WHAT THE EXERCISE ASKS: Down to the last line, retype the records below exactly and skip the pictures.

Short text fragments from websites:
┏━━
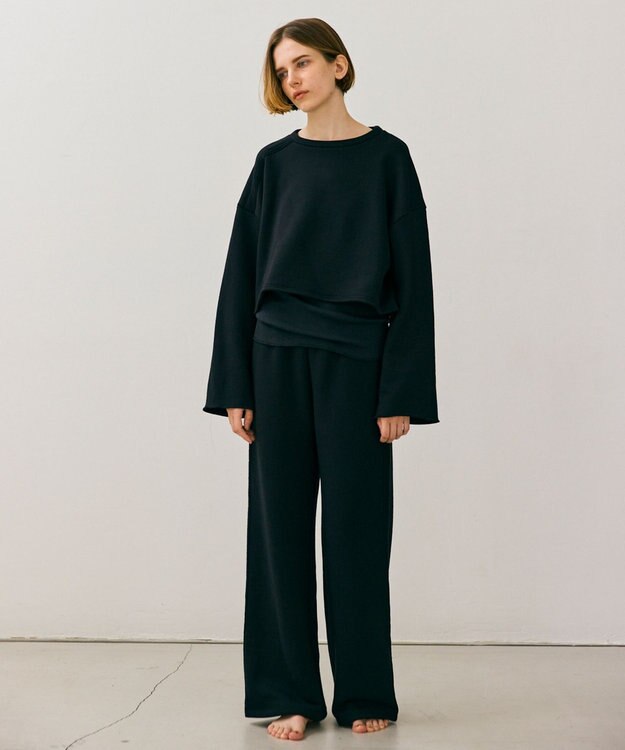 BEIGE， 【BEIGE,ecru/WEB限定・洗える】LOOP BACK / コットンスウェットクロップドトップス Black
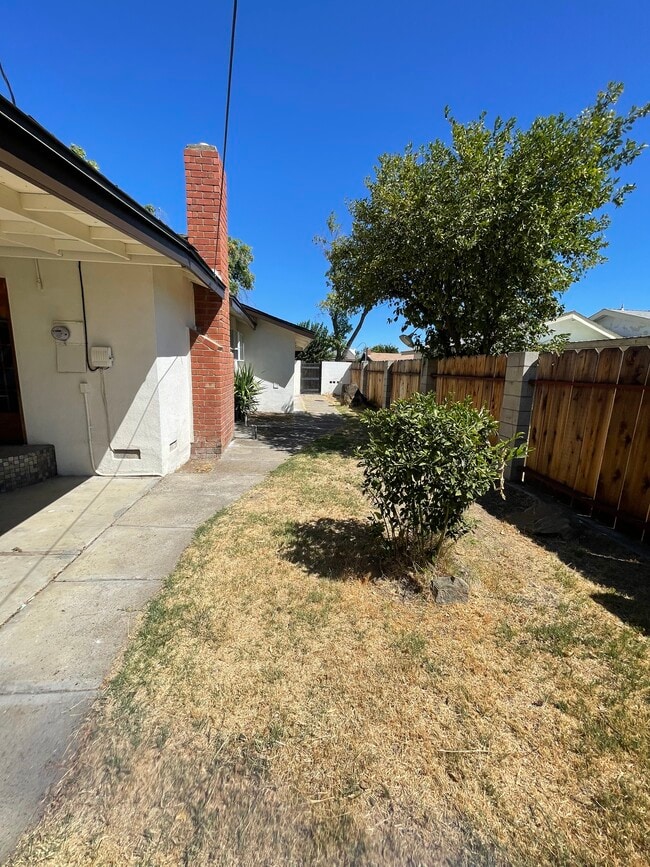 Building Photo - 1309 Cardinal St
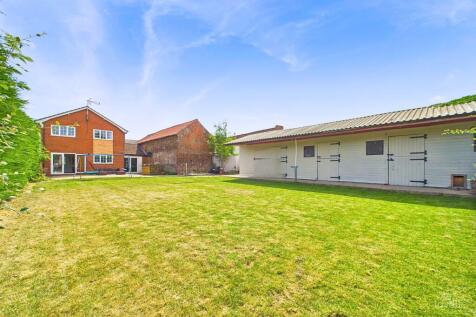 Townside, North Lincolnshire DN40 3 bed link detached house for sale
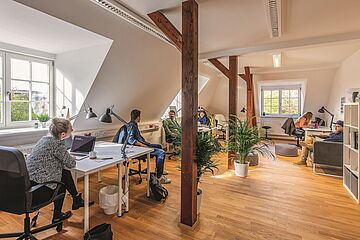 Büro. - Ein Klick auf das Bild führt zur vergrößerten Fotoansicht.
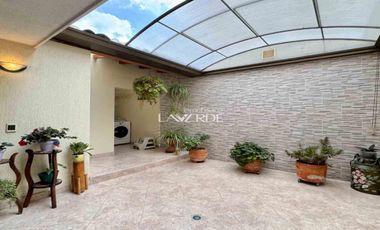 Casa de 3 Niveles en Venta en Chía-Terraza y Excelente Distribución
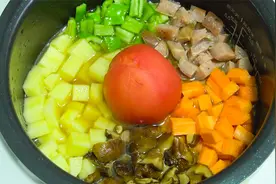 电饭锅版懒人焖饭，3分钟就搞定，饭菜一锅出，学会不点外卖了视频封面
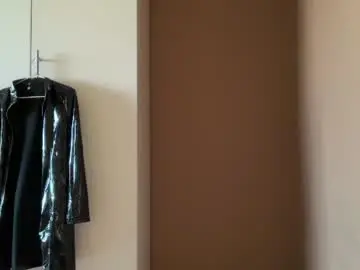 Urdevilbaby  live sex cam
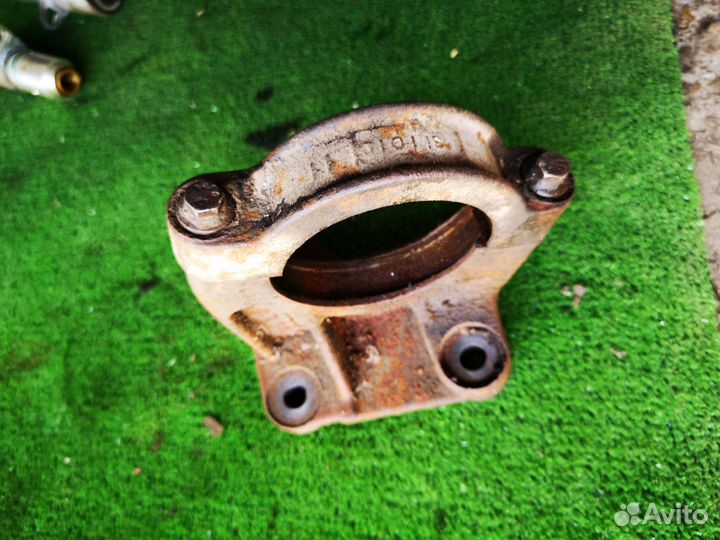 Кронштейн промежуточного вала для volvo XC90 02-н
┗━━
TASK RESPONSE:
 BEIGE， 【BEIGE,ecru/WEB限定・洗える】LOOP BACK / コットンスウェットクロップドトップス Black
 Building Photo - 1309 Cardinal St
 Townside, North Lincolnshire DN40 3 bed link detached house for sale
 Büro. - Ein Klick auf das Bild führt zur vergrößerten Fotoansicht.
 Casa de 3 Niveles en Venta en Chía-Terraza y Excelente Distribución
 电饭锅版懒人焖饭，3分钟就搞定，饭菜一锅出，学会不点外卖了视频封面
 Urdevilbaby  live sex cam
 Кронштейн промежуточного вала для volvo XC90 02-н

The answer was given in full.